In their eight losses this year, the Cowboys have scored a total of 17 first-quarter points—just over 2 points on average in the first quarter of each losing effort. Meanwhile, their defense has given up 52 points in the first quarter of these same games.
These early deficits are “manageable,” in the sense that trailing teams come back from a first-quarter deficit about a quarter of the time. But once a team falls behind, each additional misstep on either side of the ball can place hopes for a comeback even further out of reach—as the Cowboys know all too well.
These slow starts are all the more frustrating because, in view of their entire body of work, we can be fairly confident the Cowboys are a good football team with a very good offense.
The Cowboys have outscored their opponents by a margin of +82 points over the course of the season, a number more consistent with a 10-5 team than their current 7-8 record. And thanks to the advent of public expected-points models, we know the Cowboys pass offense has been doing most of the heavy lifting to drive that scoring advantage.
So why has a team with such good offensive results and average defensive results overall performed so much worse at the start of games?
Some plausible explanations:
Insufficient play scripts—Teams often prepare a “script” of offensive plays that is custom-tailored to attack specific weaknesses they’ve seen in opposing defenses. Could the Cowboys plan itself be dooming them to fail?
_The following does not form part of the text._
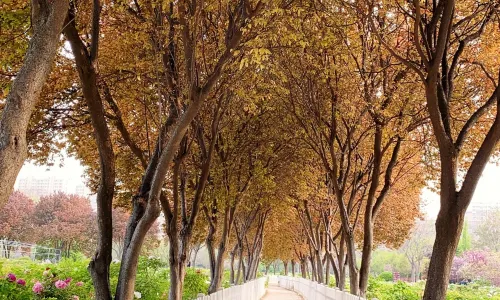 Caozhou Peony Garden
Worse quarterback play—There’s no denying that the Cowboys have gotten worse outcomes when they’ve dropped back to pass in the opening possessions of a number of their games. Is Dak Prescott just playing worse in these situations, or are there other reasons for the gap?
Sequencing luck—Football is a cruel sport where the unpredictable bounce of a goofy-looking oblong ball can determine the outcome of an entire game. But one of the main ways teams’ records can fall out of step with their underlying performance lies in the timing of their most valuable possessions. Could the Cowboys first-quarter struggles be a function of not getting timely breaks that most teams depend on?
One of the great benefits of using data in sports is we can take common, team-level narratives and see if they hold up at the league-wide level. The bigger the sample, the more confident we can be in our conclusions. This is where we tend to want to start—trying to wrap our heads around the league-wide dynamics—before we drill down into the specifics for each team.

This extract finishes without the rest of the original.